Part of me hopes Clinton will run just to save us all a lot of trouble.

Bob said it better than I could today when he categorized this as “sanctimonious self-satisfaction.”

  • Kevin B.

    I didn’t have an opinion on the primary, especially since I live in California; now that he’s the nominee, Booker’s one I will support.

    But really, The New Republic are “the far left”? HA HA HA HA HA.

    • mdblanche

      I’d say The New Republic is the troll left rather than the far left. Emphasis on troll.

      • Kevin B.

        Yes. “Concern troll” applies to a lot of what they publish.

  • AnOuthouse

    The New Republic is far left? Maybe its time for your annual calibration. A pretty empty post. I don’t know any more about Booker other than he has a -D after his name. I guess that’s good enough for some people. There were other -D’s in the race.

    • JMAshby

      I don’t know any more about Booker other than he has a -D after his name.


    • Oscar Jimison

      Other D’s that had zero chance of winning the U.S. Senate seat.

    • Lady Willpower

      Shame you couldn’t be arsed to actually look him up and find out some actual information.
      A pretty empty comment.

  • GrafZeppelin127

    There are times when I fully and completely understand why the far right hates the far left.

    • D_C_Wilson

      I have no use for the either extreme. One wants to turn America into a corporate theocracy, the other just wants to pitch a fit rather than do anything constructive because the last candidate they voted for didn’t give them the pony they were expecting.

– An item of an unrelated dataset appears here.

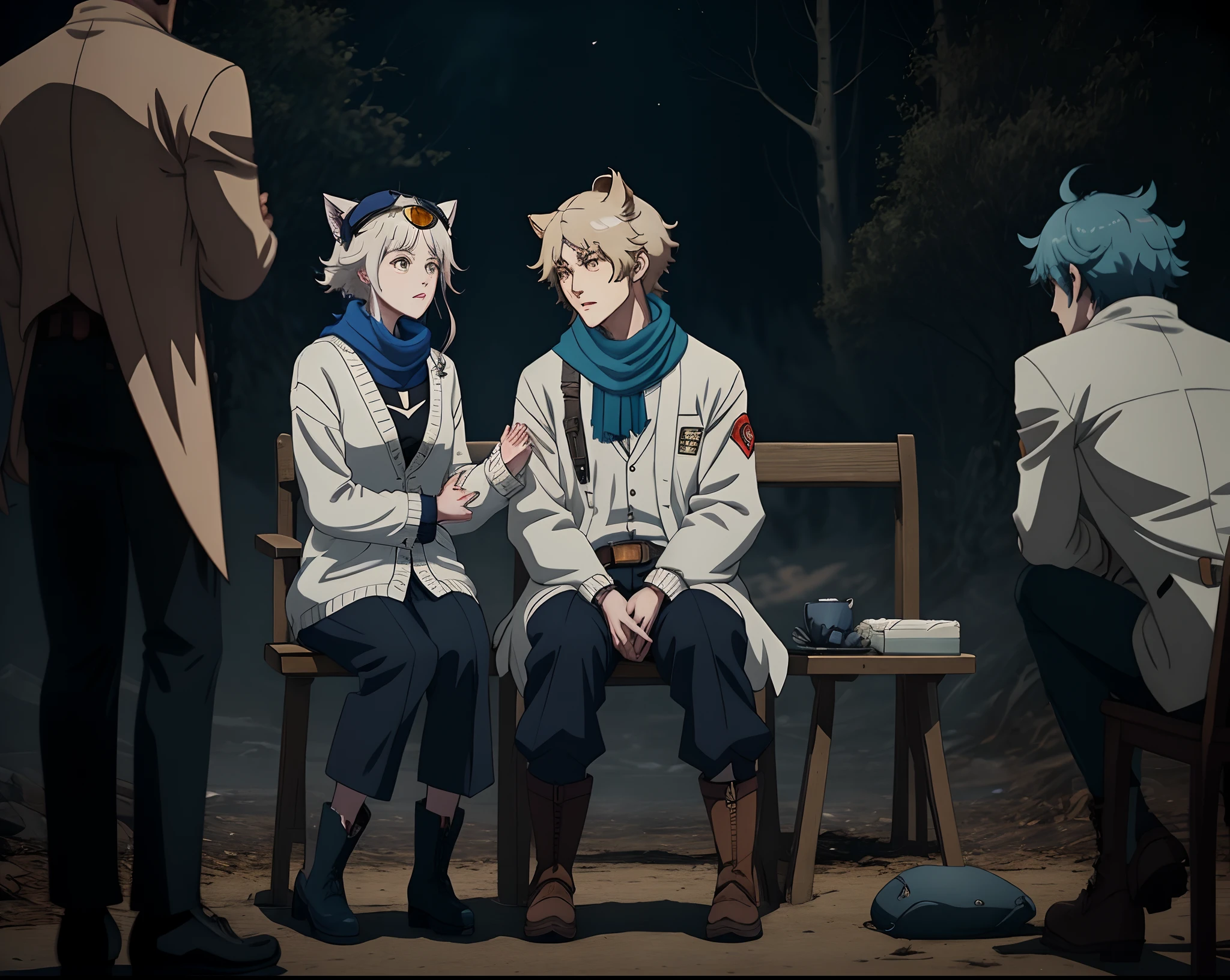 A somber scene where there is one person sitting in a fetal position in the midst of darkness, wearing a blue scarf, white cardigan, black pants, and blue boots with wolf ears on his head and a wolf tail behind him. Standing next to the person is another man who looks like albedo from genshin impact, and they're reaching out a hand for the sitting person to take. Set in an anime style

      • KABoink_after_wingnut_hacker

        You said it!
        And these are the same types of purists who gave us GW Bush (and all the destruction he caused our nation) by wasting their vote on Ralph Nader in 2000.

    • FlipYrWhig

      Well, it has to be said, though, that the actual “far left” is minuscule, and that most of the loudest Obama critics aren’t ideologically “far left” at all, just grumpy and hypercritical. Most of the people who complain about “hippie punching” think that the fact that people want to punch them makes them hippies. They flatter themselves. They’re not hippies, they’re just punchable.

  • Oscar Jimison

    Susie Madrak over at Crooks and Liars posted one of these hit pieces on Booker a couple of days ago. The comment section was very telling. A lot of references to Booker as “slick” e.g.: “He reminds me of Harold Ford, but slicker”. And plenty of comparisons to President Obama, painting them both negatively.

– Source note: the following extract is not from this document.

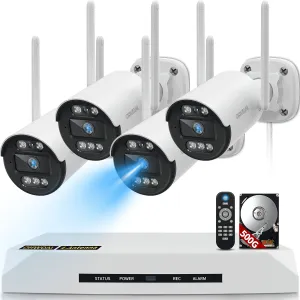 OHWOAI OH-OH-ABSW04500 Wireless Security Camera System 130 Wide Angle View with Mini NVR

    I’ve always found “slick” to be an interesting and borderline racist description, in that it’s usually applied to black men in an “I just can put my finger on why I don’t like him” sort of way. You rarely hear it applied to white men. It’s kind of like when you here Chris Mathews and others talk about how the Obama’s don’t seem “grateful” to be in the White House. I don’t recall ever hearing that knock against any other first family, Democrat or Republican.

    • JMAshby

      Virtually everything she writes is wrong at its core.

    • KABoink_after_wingnut_hacker

      As a person who visited and posted at C&L for many years, I can safely say without hesitation that it has become a septic tank of extreme leftwing bile.
      There are a lot more smart, current and enlightening sites to visit.

      • D_C_Wilson

        I have to agree. I used to enjoy that site, but they’ve become just another, “He’s worse than Bush!” Piss-and-moan fest.

    • mrbrink

      Yeah, on “slick,” I think you’re on to something. They called President Clinton “Slick-Willy“– really drove it home, too, and he was considered by some wisenheimers to be America’s ‘first black president’ at the time. There’s an association to the word.

    • FlipYrWhig

      I’m not sure about “slick” being more likely to be applied to African American political figures. Terry McAuliffe, for instance, gets called slick. I feel like in liberal-left circles it means essentially “salesmanlike” or “corporate.” How often is Obama called slick among that crowd?